Fix: Water consistently. There’s plenty of calcium in the soil already — you don’t need to add it. Just keep the watering steady and avoid letting the compost dry out completely between waterings.
Split Tomatoes
Ripe tomatoes that crack or split, usually after heavy rain or a sudden soaking after a dry spell. The fruit absorbs water faster than the skin can expand.
Fix: Consistent watering (sense a theme?). Mulching around the base helps even out soil moisture. Pick ripe fruit promptly before heavy rain is forecast.
Recommended Tomato Growing Kit
Here’s what you need to get started growing tomatoes in the UK:
Seeds: Start with a reliable cherry variety (Sungold or Gardener’s Delight) and a medium variety (Shirley or Moneymaker). You can experiment with more exotic types once you’ve got a season under your belt.
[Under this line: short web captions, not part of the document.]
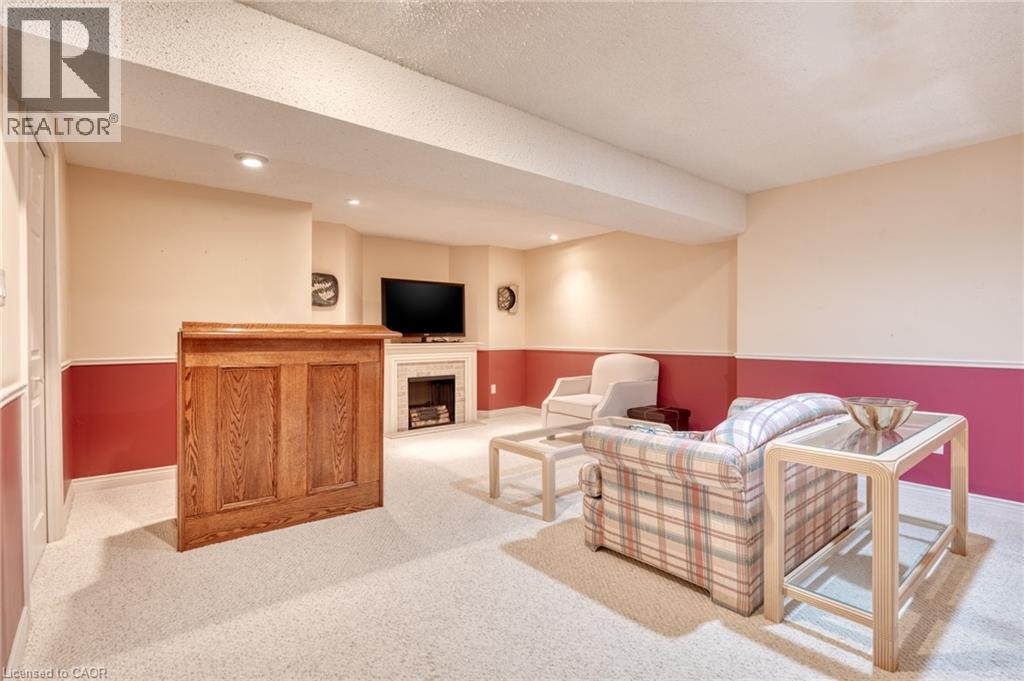 47 Greentrail Drive, Mount Hope, Ontario  L0R 1W0 - Photo 24 - 40809768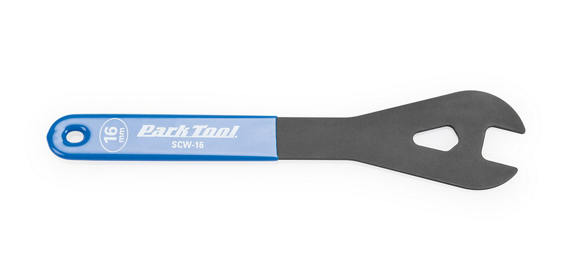 Park Tool SCW-kartioavain SCW-16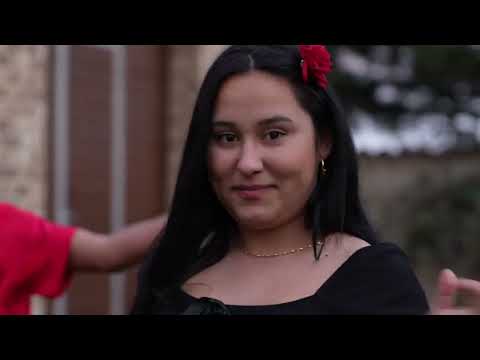 Gipsy Phrala & P.A.T - ROMALE (Official Video)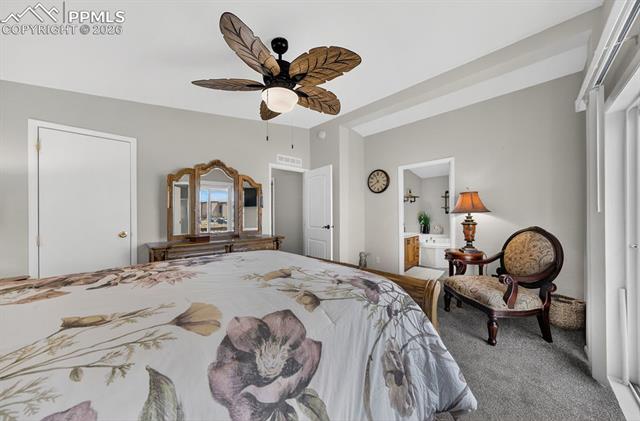 MLS Image for 4024  Gray Fox  ,Colorado Springs, Colorado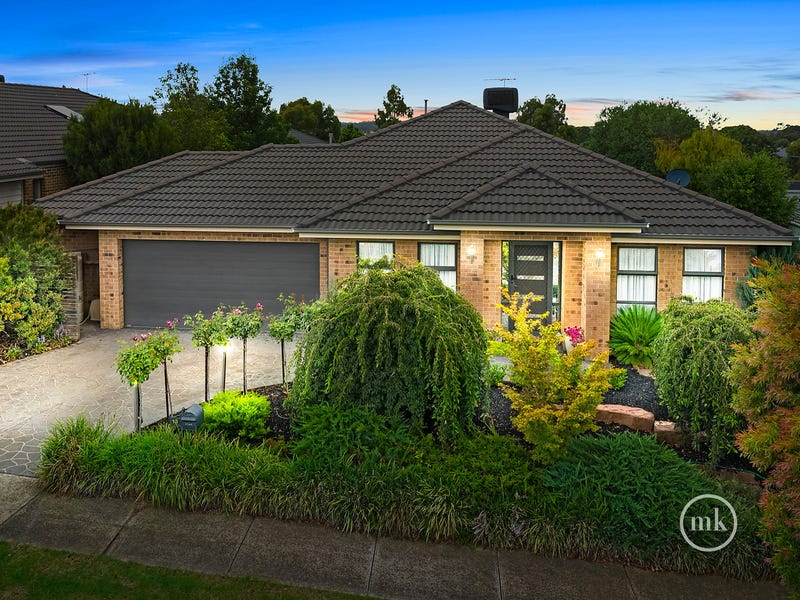 13 Sugar Gum Drive, Doreen, Vic 3754 Property Details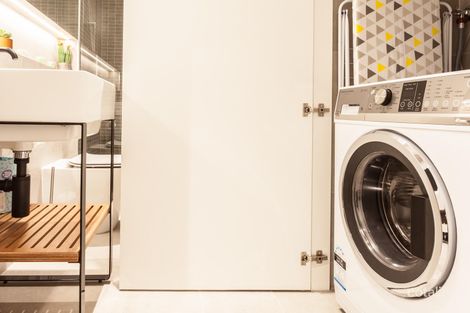 Property photo of 103/95-97 Bourke Street Woolloomooloo NSW 2011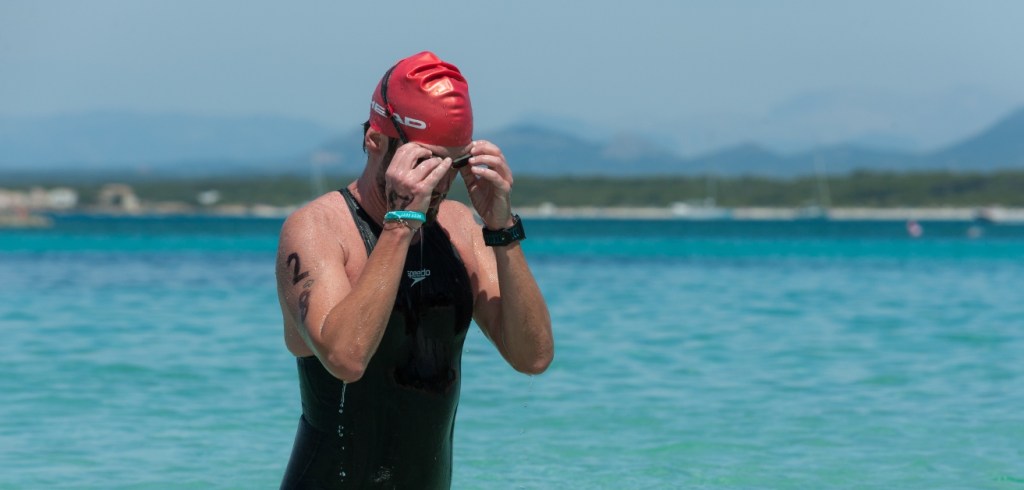 Che continui a splendere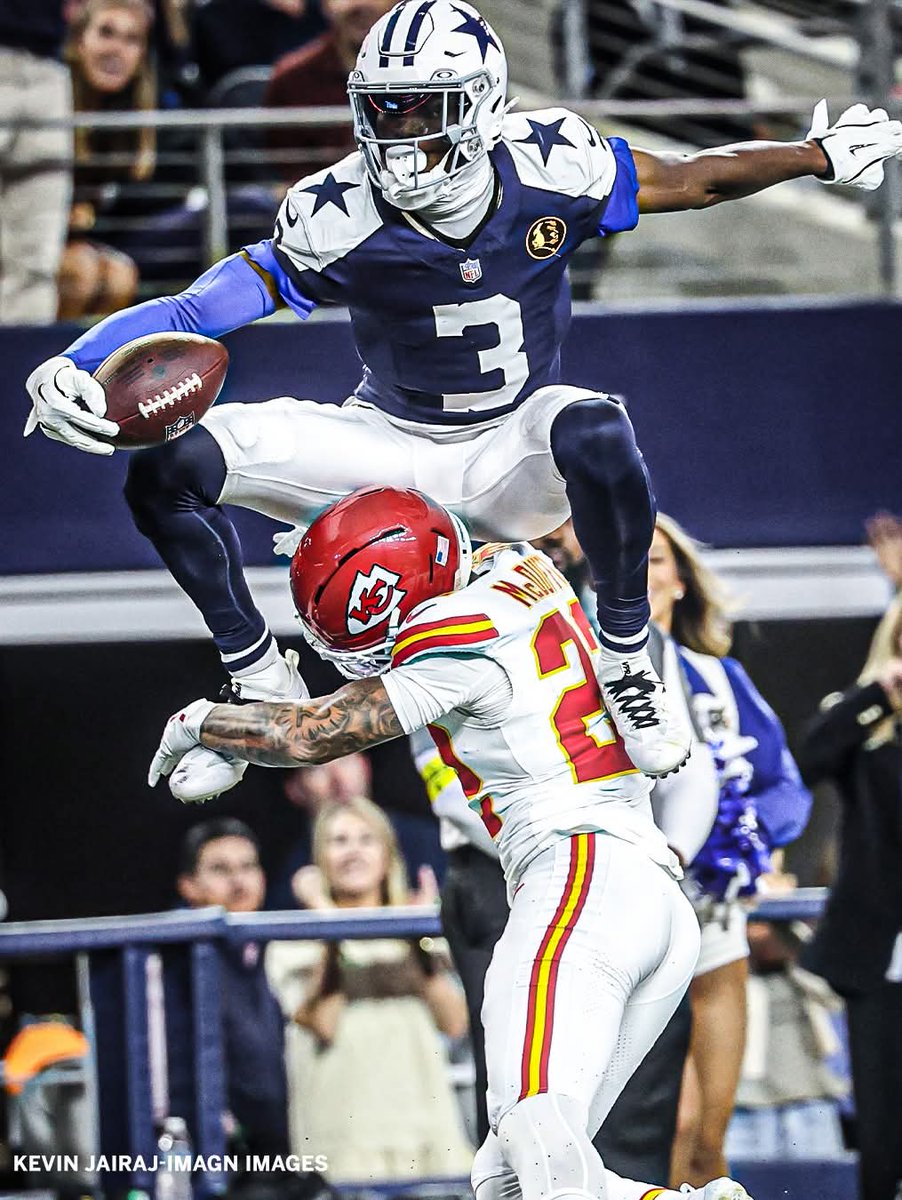 Kelly_K_9's tweet image. AIR PICKENS!!!!!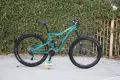 Specialized rhaym carbon, снимка 8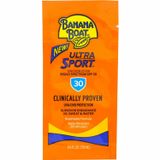  Kem chống nắng Banana Boat Sport Performance Sunscreen Lotion, SPF 30 11.8ml 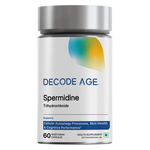 Spermidine Trihydrochloride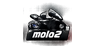 [Image: moto2.png]
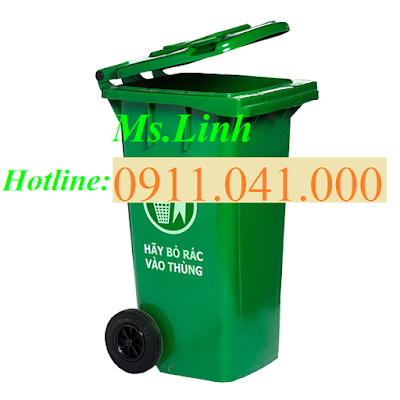 thung rac gia re lh ngay mslinh 0911041000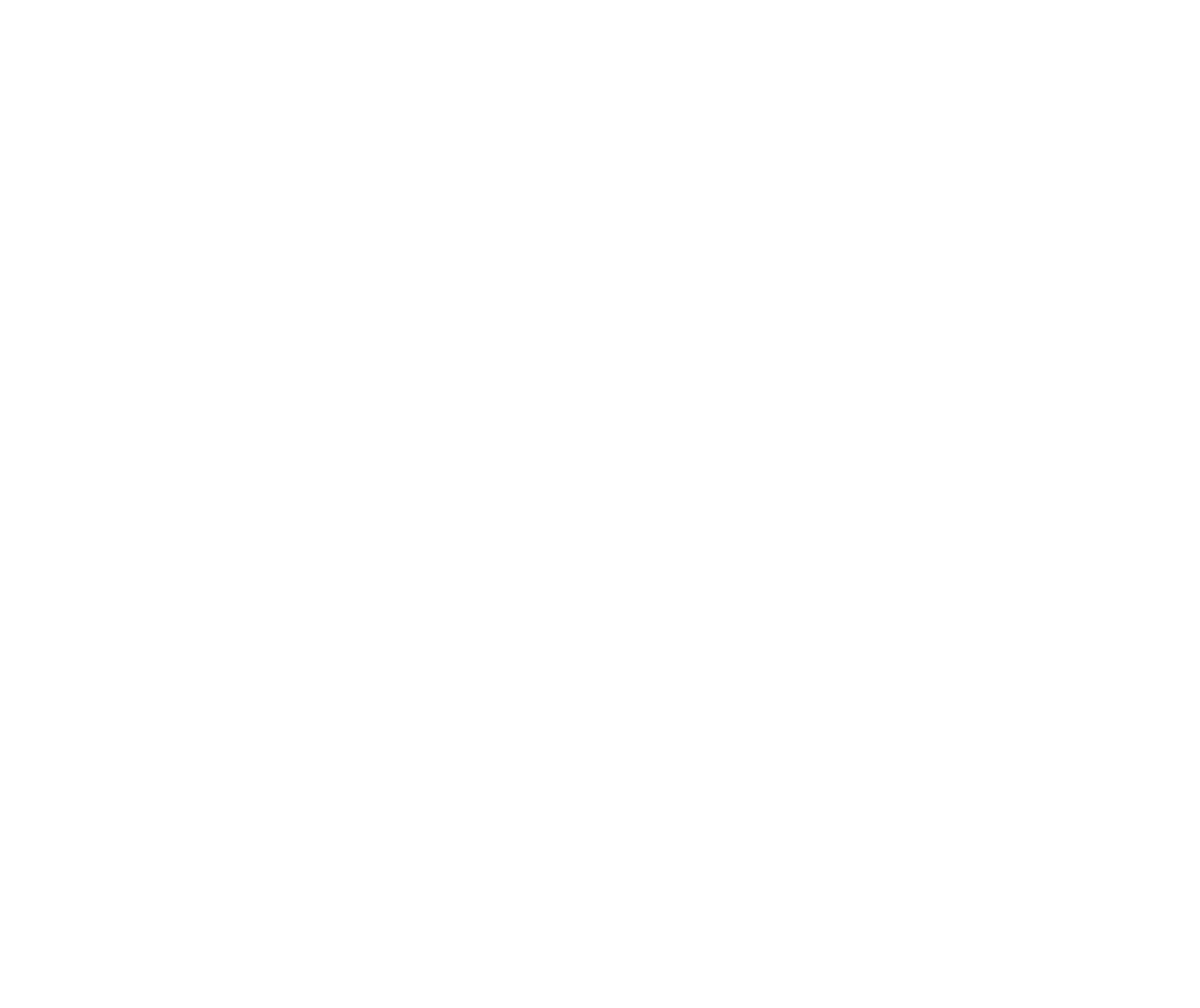 Lineart of the anet a8 3D printer. Comparing to the rest of the other printers this one looks the most complicated to put together as it has more exposed components.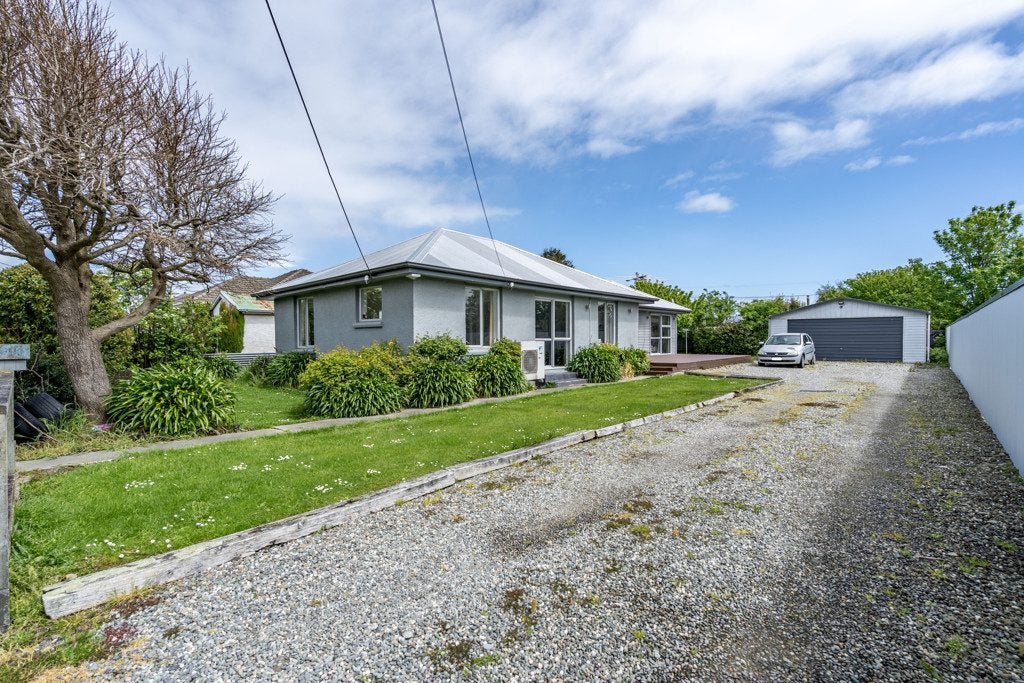 78 Stobo Street, Grasmere, Invercargill - Carousel 2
Growing medium: Seed compost for starting, multi-purpose compost for potting on. Grow bags for final planting or large pots (15L+) if you prefer containers.
Tomato feed: A liquid high-potash feed like Tomorite. One bottle lasts most of the season for a few plants.
Support: Bamboo canes (1.5m for outdoor cordons, 2m for greenhouse), soft ties or tomato clips, and string for tying in.
Growing tomatoes in the UK isn’t difficult — it just needs a bit of planning around our unpredictable weather. Choose the right varieties, be consistent with watering, and don’t get too greedy with late-season fruit. Your first ripe, sun-warmed tomato picked straight off the plant will make it all worthwhile.